Our discussion was about inclusion in education. And they started with the following question. There are millions of students finishing school who sit for the Indian Institute of Technology exams, but only a few thousands get in since there are only that many seats in these institutions. These are expected to be the very best, and people know it. The fact that a very small proportion of those who try actually get admitted makes IIT-ians end up being a small and exclusive group. Would inclusion mean that more IITs are created, more seats are generated, and a greater number of students get into these institutions? And, if that happens, and the IIT entrance tests are truly discerning, more seats would mean that we will have to go down the talent ladder, and students with lesser and lesser ability will become IIT-ians. This will dilute the average quality of an IIT-ian, reduce their average pay and, hence, the rush to enter an IIT. They did not stop there but went on to say that, indeed, can this not be said for all levels of education?
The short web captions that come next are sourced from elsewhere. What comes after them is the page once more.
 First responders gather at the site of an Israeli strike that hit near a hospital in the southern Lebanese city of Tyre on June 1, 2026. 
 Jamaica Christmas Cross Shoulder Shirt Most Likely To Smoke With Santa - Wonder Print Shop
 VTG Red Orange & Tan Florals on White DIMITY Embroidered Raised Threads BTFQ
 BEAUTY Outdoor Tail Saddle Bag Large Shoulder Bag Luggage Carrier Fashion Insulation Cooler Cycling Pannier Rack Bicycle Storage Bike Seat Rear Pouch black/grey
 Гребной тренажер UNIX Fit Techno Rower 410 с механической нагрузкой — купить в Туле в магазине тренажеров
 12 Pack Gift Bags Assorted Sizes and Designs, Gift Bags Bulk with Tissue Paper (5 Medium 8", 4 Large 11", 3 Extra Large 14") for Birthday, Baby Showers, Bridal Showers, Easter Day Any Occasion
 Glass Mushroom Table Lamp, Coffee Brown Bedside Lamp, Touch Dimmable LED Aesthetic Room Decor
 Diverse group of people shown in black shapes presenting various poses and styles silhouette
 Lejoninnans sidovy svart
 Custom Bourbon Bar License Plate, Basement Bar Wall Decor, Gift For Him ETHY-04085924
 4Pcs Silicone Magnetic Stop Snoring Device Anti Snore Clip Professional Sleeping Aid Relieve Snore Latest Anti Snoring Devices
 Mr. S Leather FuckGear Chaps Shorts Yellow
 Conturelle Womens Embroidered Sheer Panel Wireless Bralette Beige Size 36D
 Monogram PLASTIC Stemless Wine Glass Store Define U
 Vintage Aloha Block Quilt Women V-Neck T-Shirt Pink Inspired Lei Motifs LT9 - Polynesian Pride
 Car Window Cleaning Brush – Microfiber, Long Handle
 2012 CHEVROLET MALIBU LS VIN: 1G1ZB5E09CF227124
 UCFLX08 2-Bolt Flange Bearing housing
Obviously, I was immediately tempted to say that everyone entering an IIT is not “inclusion”. But, before I said that, I started thinking how to define “inclusion”. If inclusion is a concept worth striving for, it is worth defining it in the first place.
To ensure that it is indeed a worthwhile thing to achieve, we must be able to distinguish between what is inclusion and what is not. If everything we want to do is “inclusion”, it is a trivial concept; if we cannot figure out what it is we must do, it is a vacuous concept.
Given that all our leaders and all multi-lateral aid agencies and everyone who wants to make a statement are talking about inclusion, it is a great idea to try and understand what it is and what it is not.
In India, financial inclusion is a common term. We have operationalised it into that of opening a bank account for every adult. Unfortunately, when some of us went to some villages to help the villagers open bank accounts, they were totally unexcited about it. We explained the advantages of opening the account – saving their extra cash and withdrawing from it whenever they wanted to – but they were not impressed. At first we thought it was a lack of “financial literacy”, another buzzword doing the rounds in academic, civil society and policy circles. It was only later that we realised the reason was much simpler. Going to the bank for any purpose was difficult, if not impossible, for these villagers. The bank was a frightful place, and they were treated with disdain by its officers. At least, that was their perception. They were more at ease doing other things with their money than saving it in bank accounts. Oh! They would love to have access to something like bank accounts — but not in the institutions we wanted them to open in. The bank to them was exclusively for others, people who were not like them.
So, if having bank accounts is not financial inclusion, what is? We are back to the original question: what is inclusion? Let us try another oft-repeated objective: inclusive growth. Many suggest that our post-reform experience is not one of inclusive growth. I am yet to understand what exactly this means. Does it mean that everyone’s earnings must increase at the same rate? Or, these rates could be different as long as they are all positive? Should the poor first become non-poor and then others can grow?
The students’ question brought back all these confusions that I have long had and tried to cover up so that I was not excluded from the group of people who knew what inclusion is and, hence, talked about it a lot. I did not want the teenaged students to include me in their group — those who do not know what inclusion in education meant.
So, I racked my brains and came up with the following answer. Inclusive education does not mean that everyone must enter, or pass out from, an IIT. It only means that if you wanted to, you could have a shot at it. The child labourer is excluded because she can never dream of entering an IIT; she may absolutely hate IIT, but not trying to join an IIT should be her decision. Even if there is only one IIT train, every child must have access to the platform where the train comes. Of course, not everyone will get on to the train but everyone knows what to do to have a shot at the train. This is called inclusion in education. Everyone must go to school till class 12; those who work hard, and are willing to work harder still, will join an IIT. Others will, by choice, decide not to work that hard and become economists.